Work on Your Weekly Mileage
A marathon is over 26 miles long. Running a distance that long is a lot of work if you’ve never ran before. The first thing you want to do is get used to running longer distances throughout the week. You might start by running fifteen or twenty miles a week. By the time of the marathon, you’ll have worked up to fifty miles. Keep in mind that this is a gradual process. It’s recommended that you don’t increase your weekly mileage any more than ten percent on any given week. If you do more than that, you risk injuring yourself before the big race.
Practice Long Runs
A long run is a continuous run that lasts for several hours. You want to practice one of these once a week so you’re body can get used to running for long periods of time. While doing a long run, you want to run at a slow, leisurely pace. Again, you risk hurting yourself if you try to do too much at once. The goal here is not to push yourself to your utmost limit. The goal is to prepare your body for the upcoming marathon.
Take Time to Rest
Scientific studies have shown that the body needs proper rest in order to recover from a hard workout. Constantly pushing yourself as hard as you can everyday is not an efficient way to train. It’s best to alternate your harder training days with days that involve lighter, slower-paced runs. You might even consider taking a break from running altogether once or twice a week. Listen to your body, and don’t do more than it can handle.

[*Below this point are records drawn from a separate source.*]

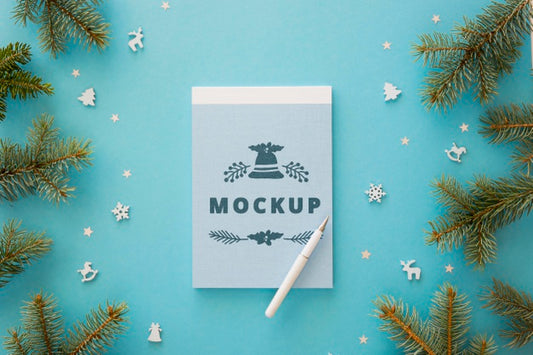 Free Top View Of Notepad With Spruce Branches And Pen Psd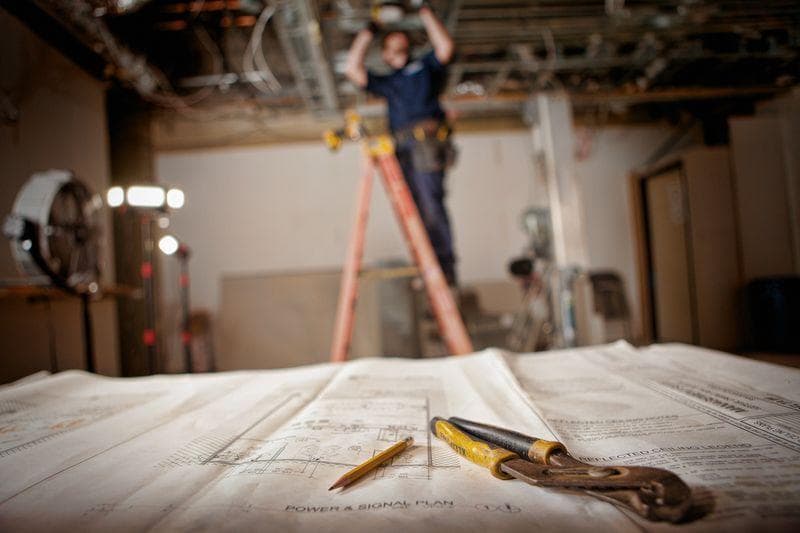 Licensed electrician installing a commercial panel in a restaurant kitchen build-out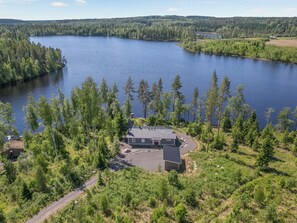 Un chalet au bord du lac, avec une allée pavée et un petit espace de stationnement.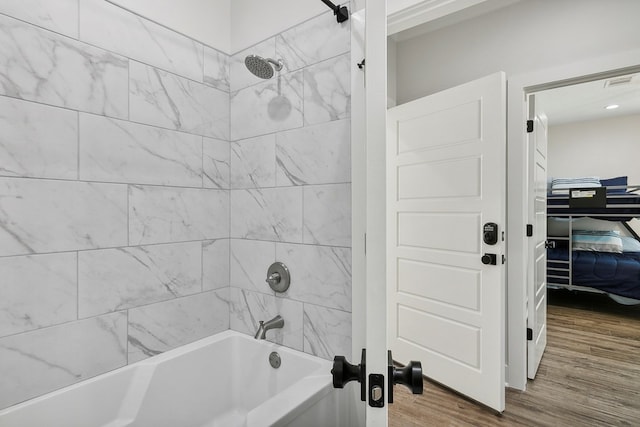 175 Vantage Dr, Brookeland, TX 75931 - full bath featuring shower / washtub combination and wood finished floors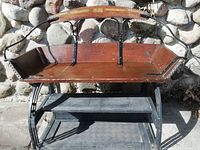 Full view of wood bench seated on removable boot rack against stone wall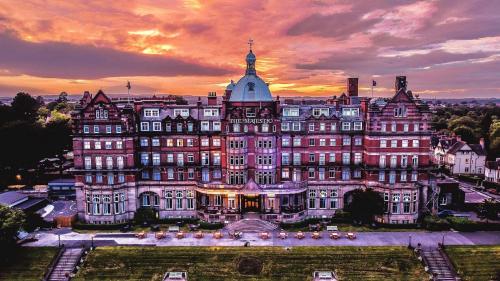a large building with a sunset in the background at DoubleTree by Hilton Harrogate Majestic Hotel & Spa in Harrogate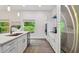 Clean white kitchen with stainless steel appliances and quartz countertops at 6439 Taylor Ct, New Port Richey, FL 34653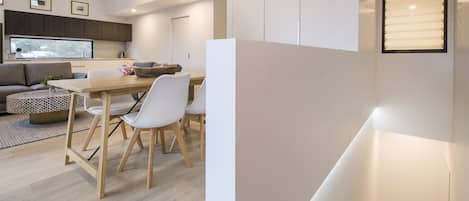 Una sala de estar moderna con un sofá, una mesa de comedor y sillas. Se observa una zona de cocina con armarios y un ventanal.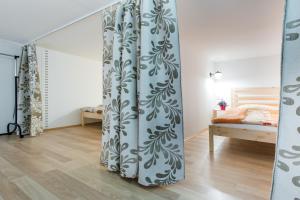 a room with a blue and white curtain at Apartment Wanda in Krakow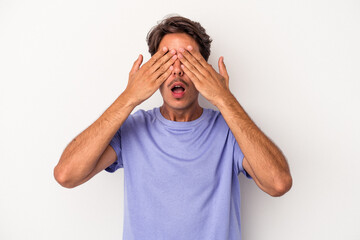 Young mixed race man isolated on white background afraid covering eyes with hands.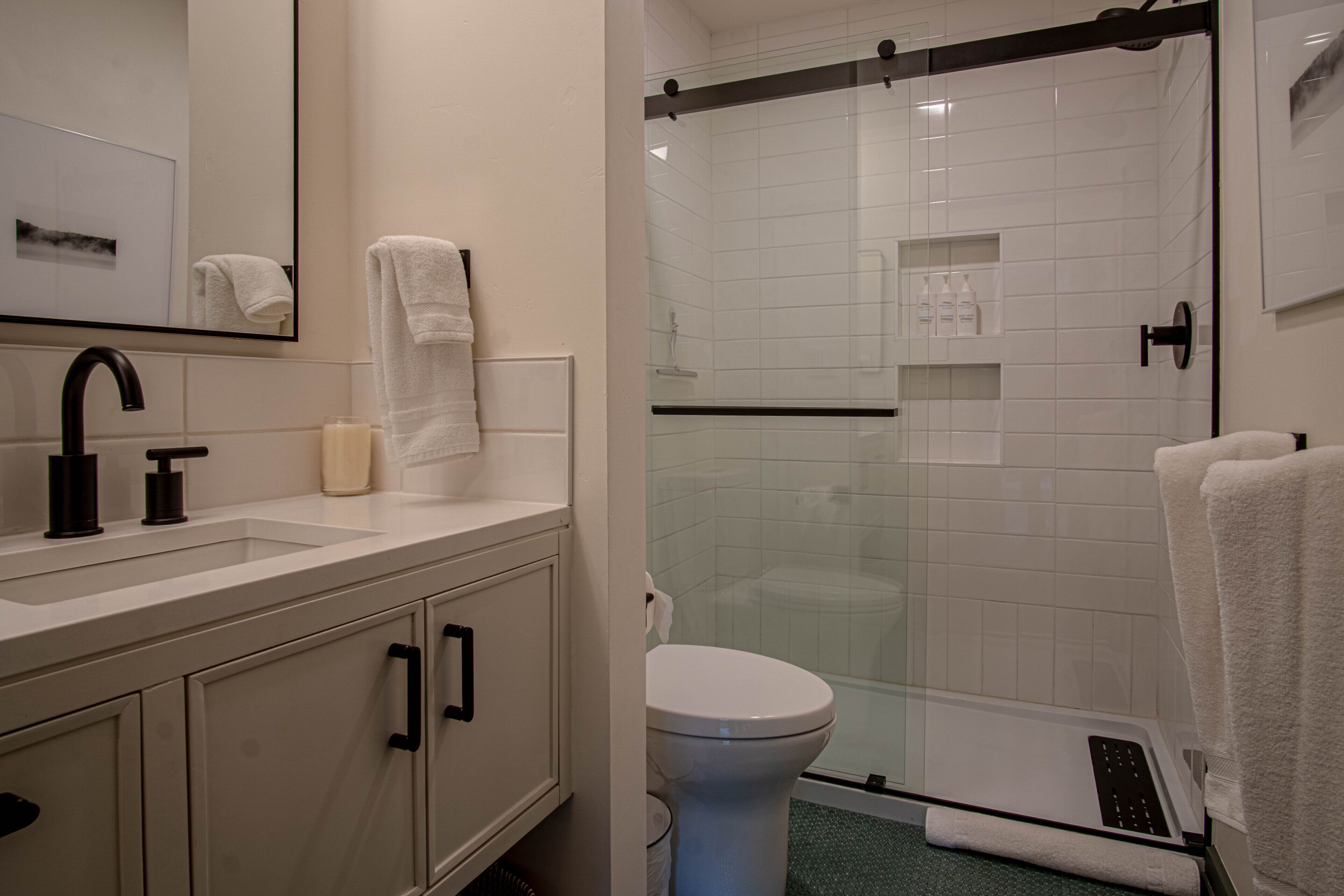 Une salle de bain moderne avec une douche à parois de verre, un lavabo blanc et des toilettes.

Of course, eating right when you’re training for a marathon is common sense. But what should you eat? It’s recommended that you focus on meals that are high on carbs and low on fiber. You’ll also want to have something to eat during the run itself to keep your blood sugar levels up. Sports drinks and energy bars are usually enough to do the trick. Also, make sure you’re staying hydrated while you train. Keep in mind that the marathon itself will have hydration stations throughout the course.
Training for a marathon can be an arduous task. There may be times when you feel discouraged and tempted to give up. In these moments, it’s good to remind yourself what running a marathon means to you. It may be difficult, but with the right preparation, you can accomplish this goal.